Sarah Baartman through Schitt's Creek: An Introduction to Gender and Popular Culture
Course Code
GNSE 21503 91
Course Description
Throughout the twentieth century, numerous theorists have argued that genders are learned, enacted, and ascribed identities, worked out through interaction. As such, the production of gender as category is carried out in relation to cultural models and artifacts people use to make sense of, model and reject gendered identities, characteristics, and roles. This undergraduate course takes popular culture, including film, television, literature, and social media, as a starting point for understanding the often taken-for granted characteristics deemed gendered in Western culture and elsewhere. Attending to race, class, sexuality, age, and other social categorizations throughout, we will marry gender and queer theory with works on representation and postfeminism, attending particularly to how ethnographic works have apprehended the role of media in producing, propagating, contesting, and distilling cultural notions of gender.

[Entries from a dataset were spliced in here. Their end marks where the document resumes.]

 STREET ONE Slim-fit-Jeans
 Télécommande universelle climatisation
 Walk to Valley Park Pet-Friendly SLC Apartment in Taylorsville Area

While we will heavily examine widely-disseminated, economically-powerful imagery, we will also attend closely to alternative, resistant, and activist media, and to creative consumption or reparative reading. This class will meet online for nine synchronous sessions.
Course Criteria
The course fills major requirements for students in gender and sexuality studies and is cross-listed with anthropology, thereby filling a major requirement there.
This course is primarily comprised of undergraduate students. A select number of places are reserved for advanced high school students.